Are there any other sectors in which we see lazy companies? Yes, there are many and let me share few.
- Healthcare: With increasing income, the need for good healthcare facilities is going to increase. This is one sector where we see the situation similar to hotels in India. We are seeing companies opening new five-star hospitals to cater to the upper middle class and the medical tourism. Given the disastrous public healthcare system, we have in our country the demand for affordable and standardised hospitals throughout the country is required. The easy way to do is to use the existing stand-alone hospital throughout the country and upgrade them just like Oyo Rooms did for hotels. Oyo for hospitals is something which is required to provide accessible healthcare throughout India and opening only new big hospitals won’t totally solve the problem.
- Mobile Payments and Banking: Both public and private banks failed in bringing more people to open accounts till the time government took this on a mission mode through Jan Dhan Yojna. The next phase of financial inclusion is to allow people to use bank accounts for doing transactions. Payment bank license given to telecom operators and companies like Paytm will certainly have the advantage over the traditional banks in tying up more merchants and customers to make payments via mobile wallets. These companies can enroll merchants and incentivize customers to use mobile payments which is going to be much faster in speed, and also beat the traditional banks in the volume of mobile payment transactions.

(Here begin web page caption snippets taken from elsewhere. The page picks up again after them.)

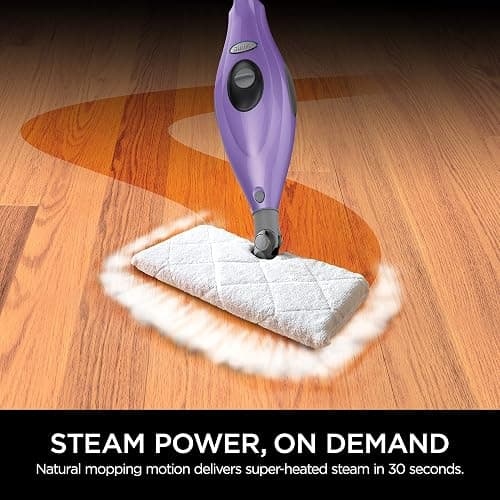 Shark Steam Pocket Mop with 2 Washable Double-sided Pads, Chemical-Free Cleaning, Swivel Steering, Lightweight, Steam Cleaner for sealed Hard Floors, Hardwood, Marble, Tile, Purple, S3501 - Steam Pocket Essentials thumbnail 2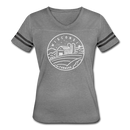 Wisconsin Women’s Vintage Sport T-Shirt - State Design Women’s Wisconsin Shirt - heather gray/charcoal
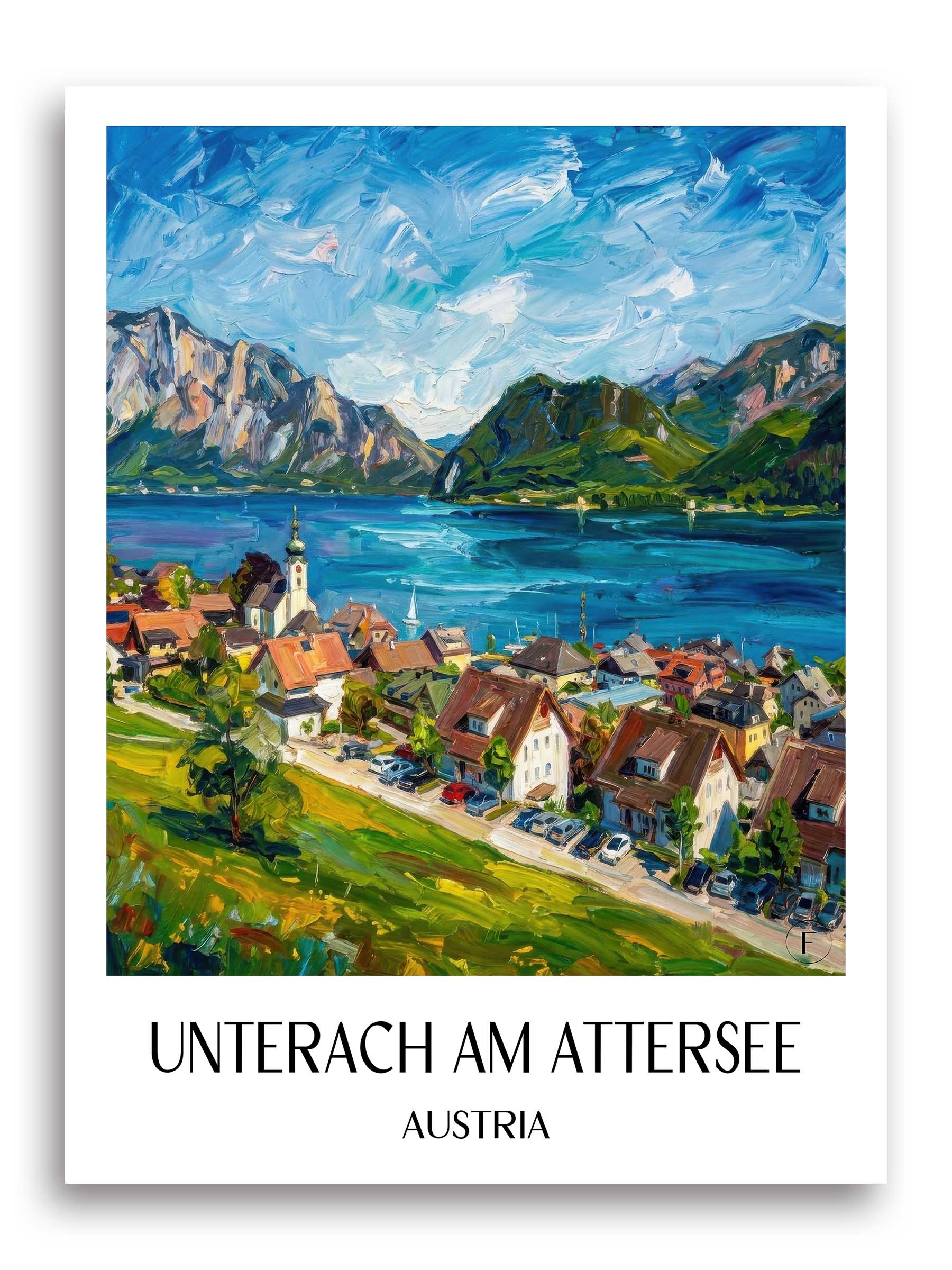 Unterach am Attersee Poster - Österreich - Österreich Kunstdruck - Ölgemälde von A4 bis A1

- Women Centric Business: Women is the main decision maker in case of most of the purchases in India. But they never had access to retail in the past as compared to what they have now with the rise of online retail. Still there are areas like Saloons where the need for standardisation and comfort is not yet solved. We have already seen companies entering in the beauty on demand segment where they are providing beauty services at home like VanityCube, Belita and Vyomo, but the demand of service standardisation is still not fulfilled. This makes this area open for more innovations in coming days. Other such areas include jewelry, designer wear and luxury products.
- Agri-Tech: In the hype of innovation and technology improving the services sector, there is a lot to be done in the agriculture sector. With the increasing demand of quality products in grocery, fruits and vegetables a lot of focus is required in the agriculture segment. New methods of farming including urban farming, protected cultivation, contract farming, etc. are to be explored further in detail. This along with investment in moving technology towards farming is one area where lot of money and ideas are required.
In the end the new age, companies are solving problems neglected by the old players and after seeing the consumer adoption of ideas like online retail, app-based taxi bookings companies who are not thinking of innovation in their areas of operations should start devoting resources and time to improve customer experience and product development to stay relevant in coming years. I am sure we will see startups shutting shops in few years, but old age businesses are also not free from the threat of that.
Disclaimer: The views expressed are those of the author in his private capacity.